NPR Station Publishes Anti-Trump Comic As Resource For High School Teachers

fear-of-foreigners

A California NPR station published an anti-Trump comic book for use by high school educators teaching current events.

KQED, a San Francisco Bay Area NPR affiliate, published an anti-Trump comic book this week casting Republican nominee Donald Trump as a part of the ‘History of Nativism in America.” (Nativism is defined by Merriam-Webster as “a policy of favoring native inhabitants as opposed to immigrants.”)

The comic book, in an online slideshow format or available to download, is part of “The Lowdown,” KQED’s News Education Project.

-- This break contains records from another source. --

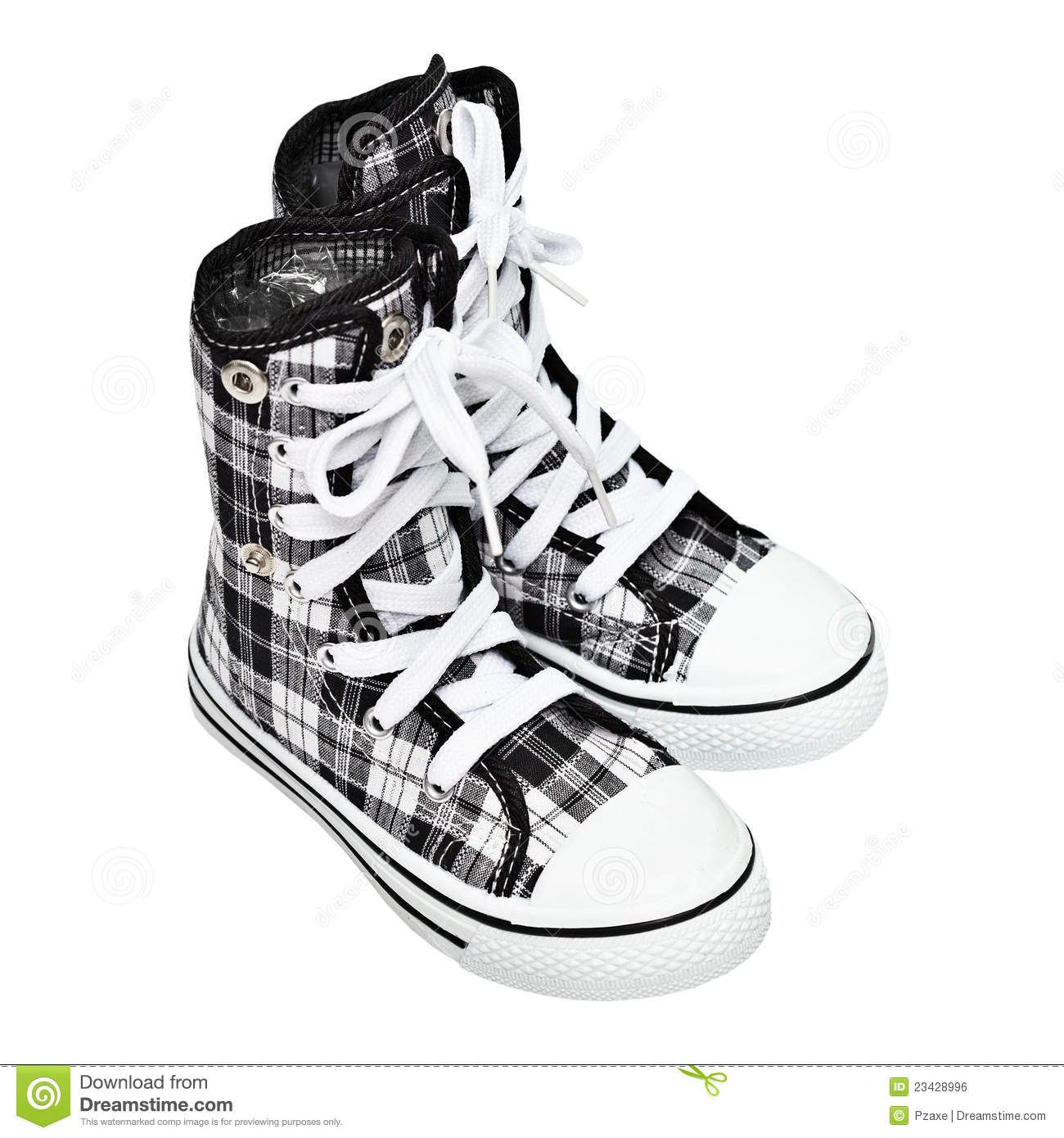Sports Shoes   High Top Sneakers Royalty Free Stock Image   Image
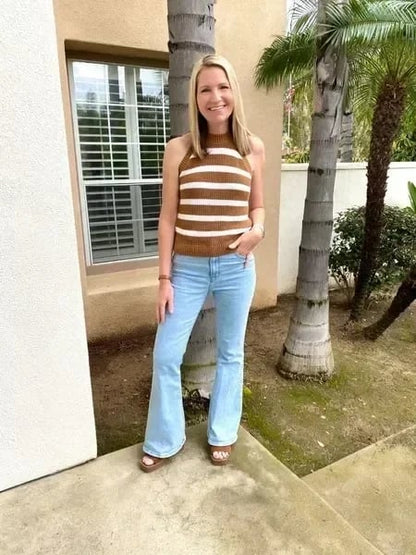 High-Waist Schlagjeans mit Retro-Flair und zeitlosem Schnitt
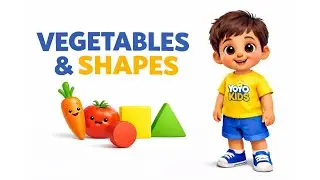 Vegetables for Kids 🥕🥦 | Learn Shapes with Vegetables | Fun Learning with Animation | YOYO Kids
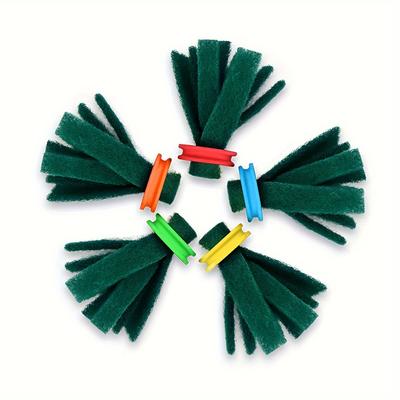 TEMU 5pcs/10pcs Spawning Mop, Fish Breeding Mop, Decorative Fish Spawning Bed, Suitable For Aquarium Aquarium Egg Spawning Aquarium Accessories Mop Aquarium Feeding Supplies, Without Battery Image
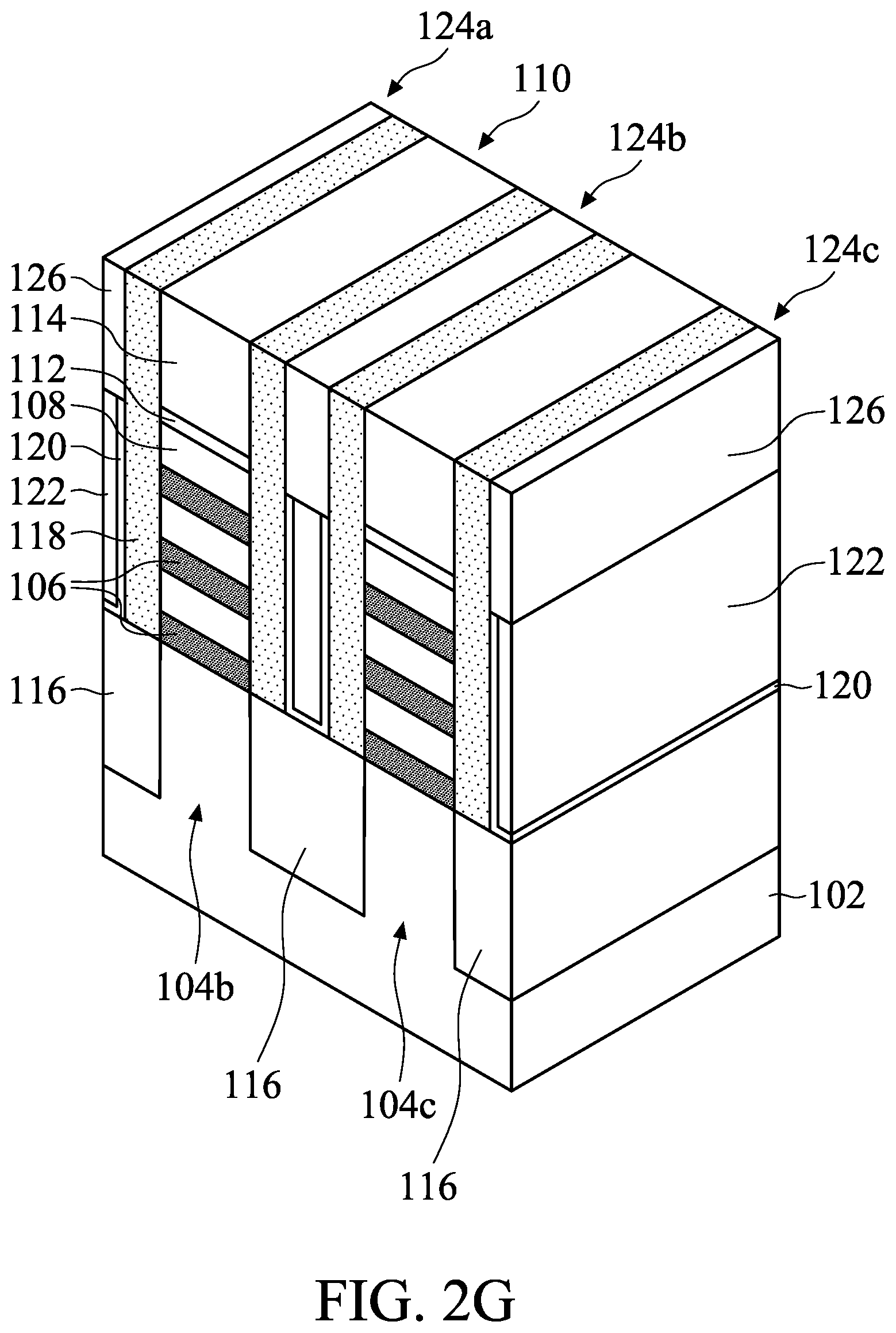 Patent US12107006 Figure 8 – Method for manufacturing semiconductor structure with dielectric feature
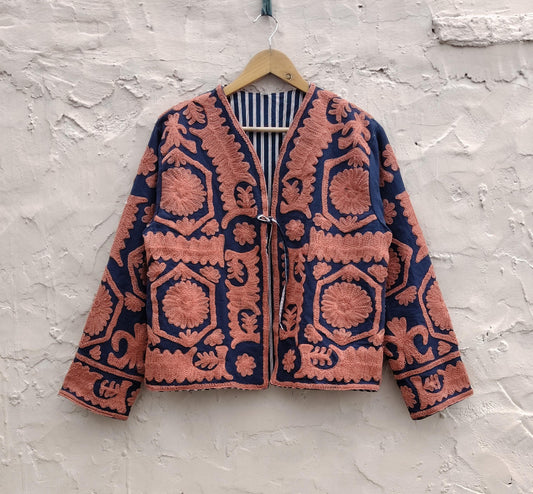 Chaqueta terciopelo reversible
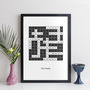 Personalised Traditional Family Crossword Print Gift, thumbnail 2 of 12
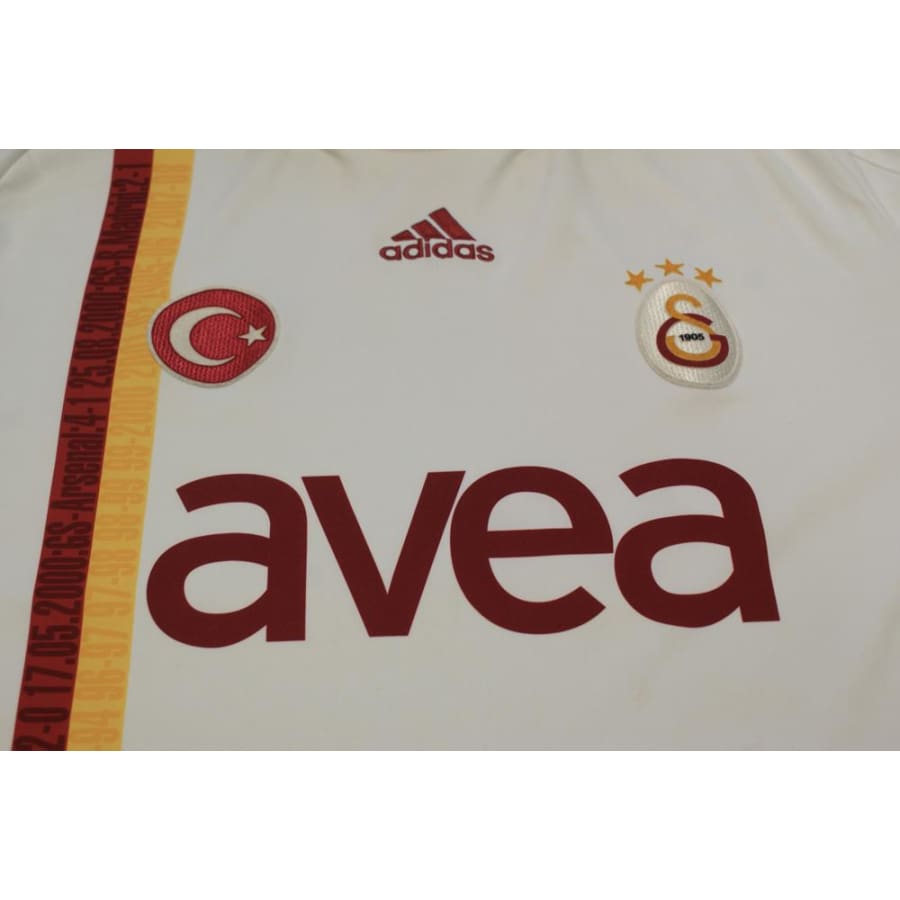 Maillot de football rétro extérieur Galatasaray N°10 METIN 2008-2009 - Adidas - Turc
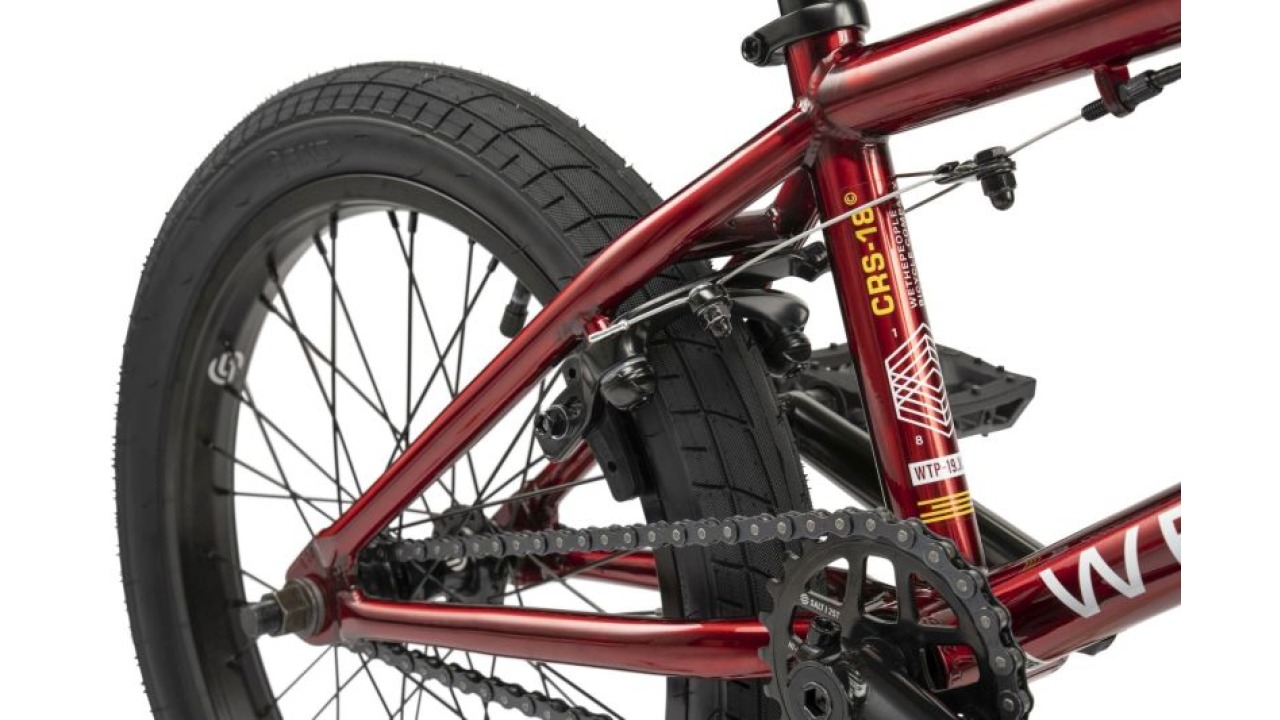 CRS 18", transcluent red CRS 18", transcluent red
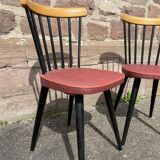 2 chairs Baumann 1950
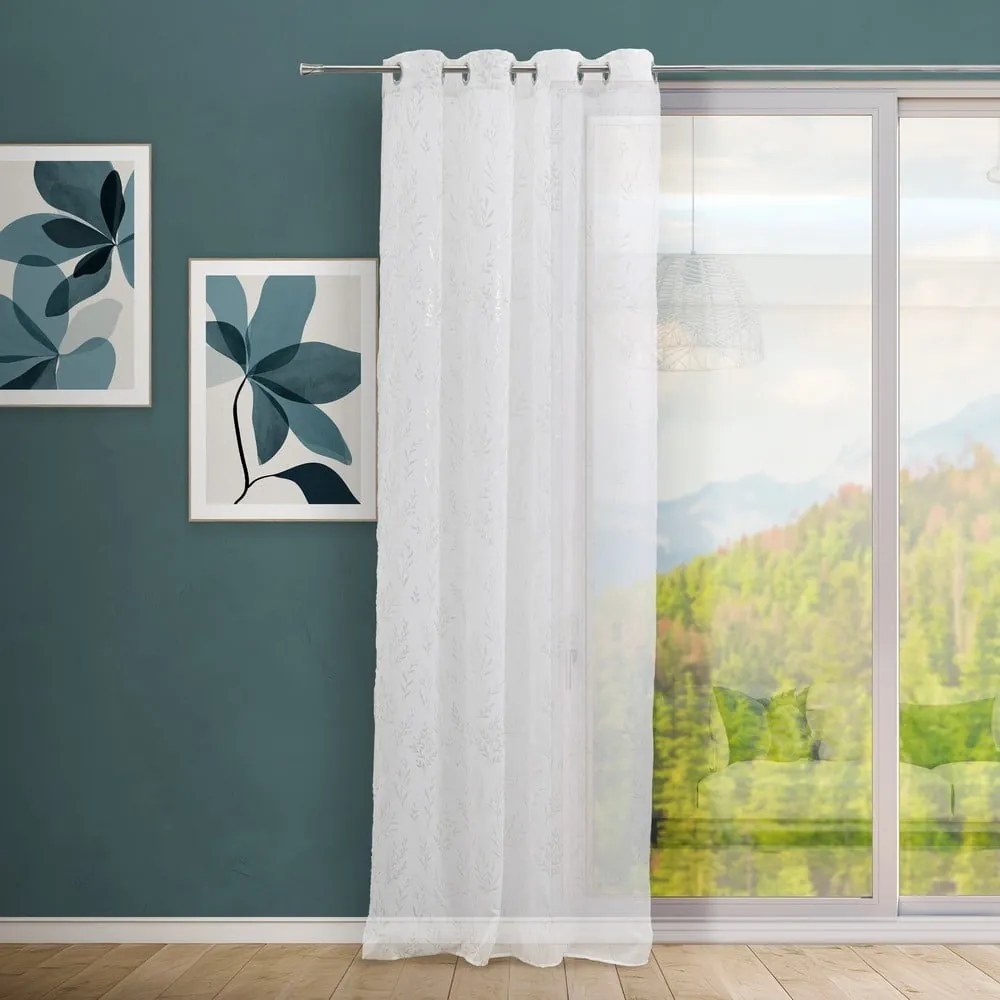 Biela/v striebornej farbe záclona 140x260 cm Buds – Casa Selección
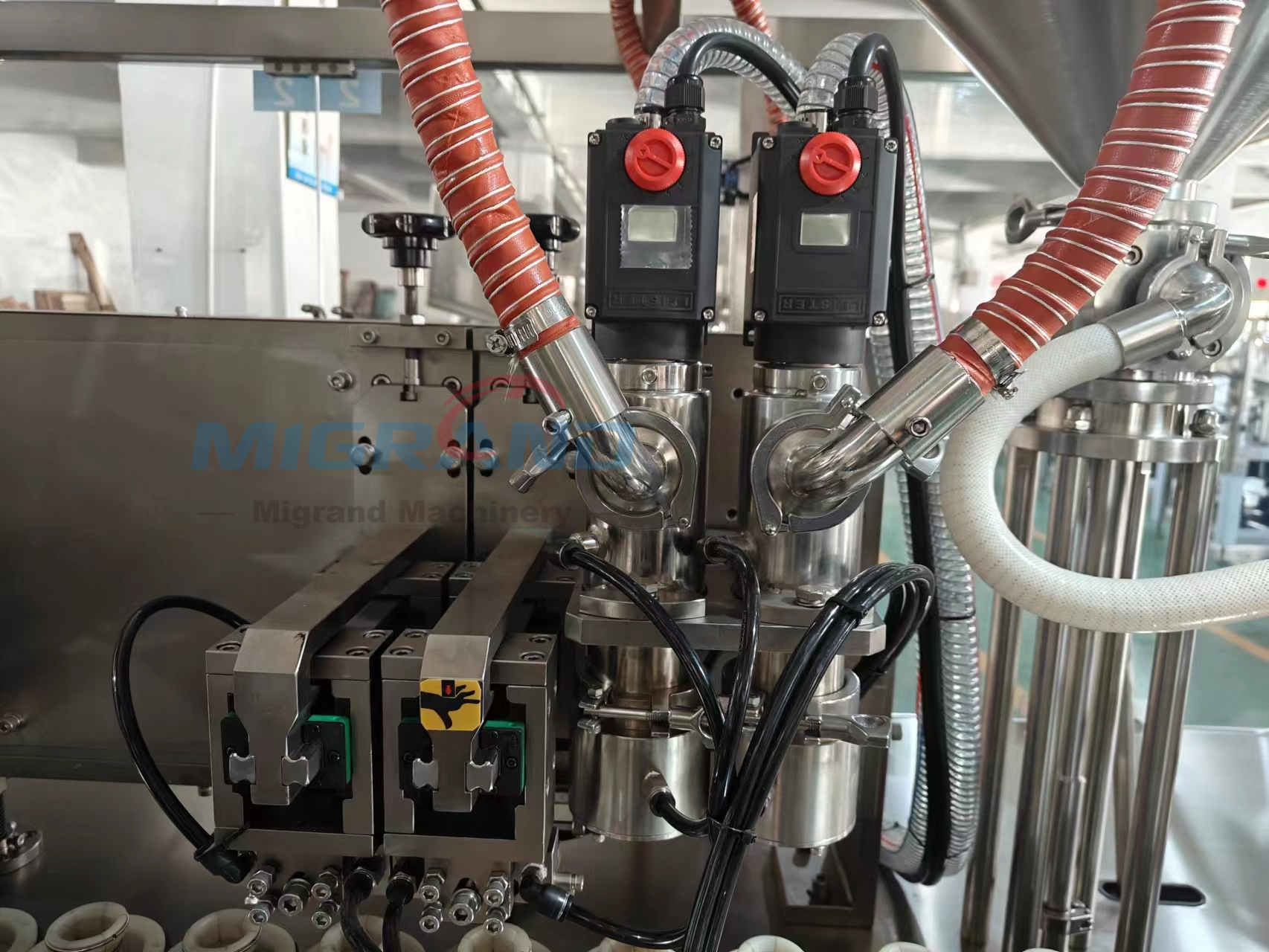 LEISTER double-heating system (with tempering system)-1 Система двойного нагрева LEISTER (с системой темперирования)-1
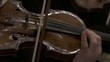 Violin player close up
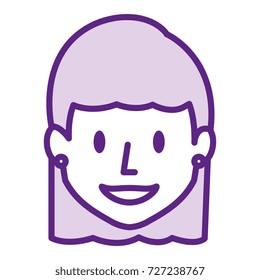 beautiful woman head avatar character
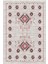 Salon Halısı Kilim Otantik Eskitme Ekru Gri Gülkkurusu Kaydırmaz Yıkanabilir Ince Halı Tüysüz Kilim 2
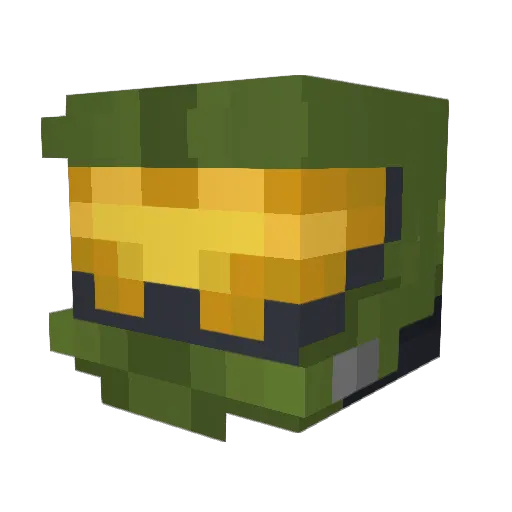 KsA_66 Minecraft avatar head, 3D render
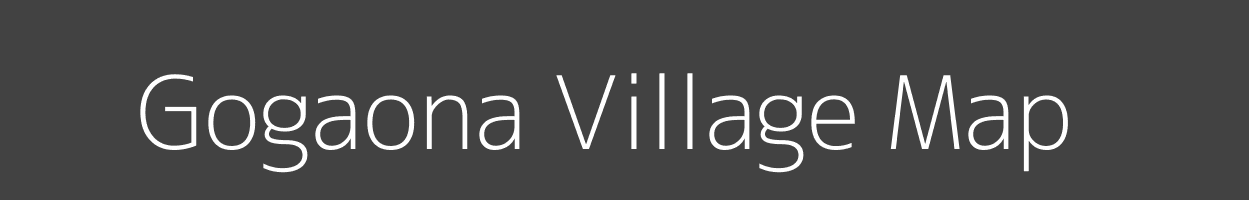 Map of Gogaona Village in Uttar Pradesh Image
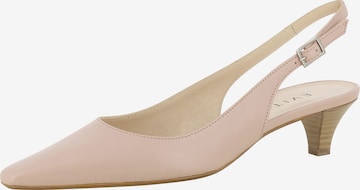 EVITA Slingback Pumps 'LIA' in Pink: front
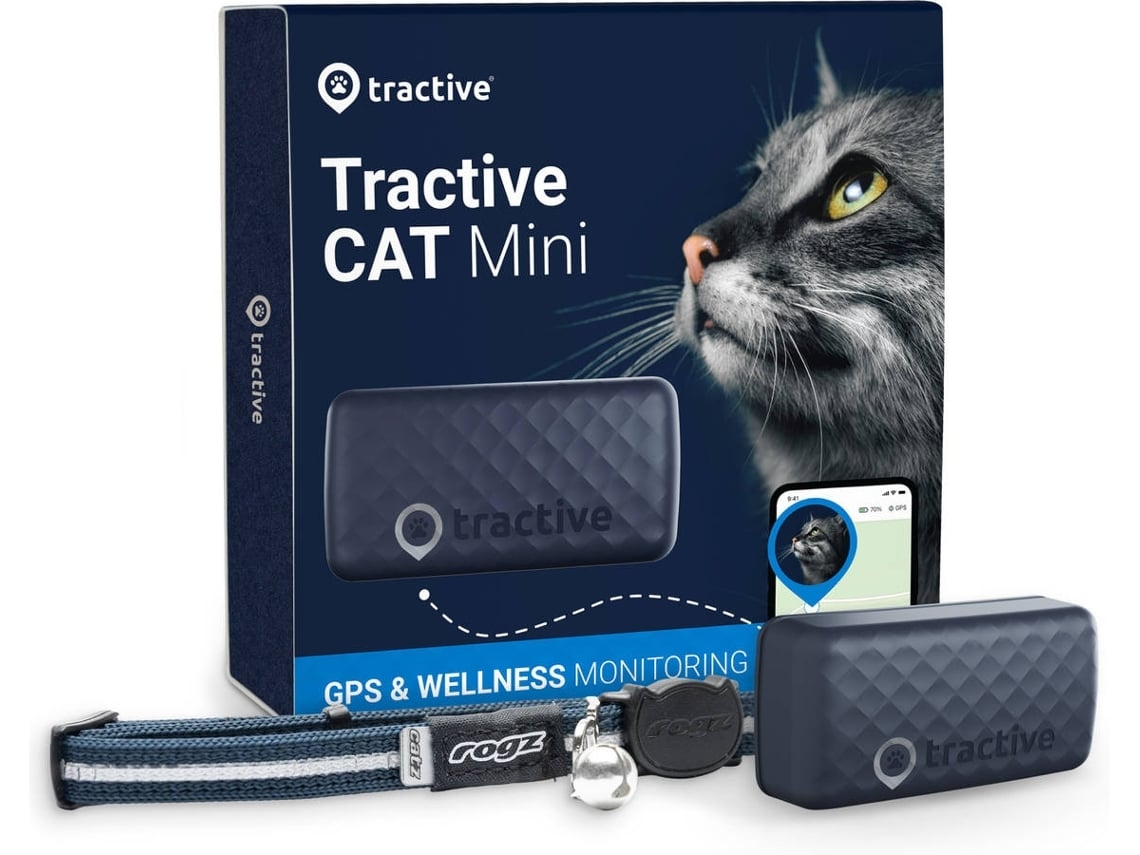 Localizador GPS para Gato TRACTIVE Cat Mini (Outlet Caixa Aberta - Azul)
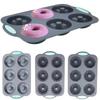 Reusable Baking Tray 6 Hole Muffin Cake Mould New Silicone Donut Mold  Ice Cube Making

The project is a collaborative effort between the station’s Education and News departments and is “specifically geared towards high school educators as a resource for teaching with the news and creatively integrating current events into core curriculum to encourage student civic engagement.”

Illustrated by Andy Warner, the twelve panel slideshow begins with two panels depicting Trump, the first panel depicting some of the “extreme things” he has said about “undocumented immigrants from Mexico,” and the second is about his call for a “total and complete shutdown of Muslims entering the United States.”

The comic goes on to explain that: “Some Americans find his rhetoric alarming, but it follows a long tradition of anti-immigrant public discourse.”

Noting that “Even though immigration is a big part of almost every American family’s story,” subsequent panels detail America’s history of resistance to immigration beginning with concerns expressed by founder Benjamin Franklin and tracing the “Know Nothings” of the 1850s, the development of the Ku Klux Klan, the anti-Semitic movement, outrage at low-wage workers from Mexico, the Japanese internment camps of WWII, and California’s Proposition 187 – “an effort to deny most state services, including public education, to undocumented workers.” The comic goes on to explain that, ultimately, “a federal court ruled the measure unconstitutional and it never went into effect.”

The comic concludes by stating that “if history is any guide, it’s worth remembering that the anti-immigrant fervor of the moment usually fades. And, more often than not, those targeted newcomers are eventually woven into the patchwork quilt of American Society.”

Sources for the comic slideshow include: David Harry Bennett’s book The Party Of Fear: The American Far Right from Nativism to the Militia Movement, an article by The Economist entitled This Land is our Land, the U.S. State Department Office of the Historian, and Peter Schrag’s book Not Fit for Our Society: Nativism and Immigration.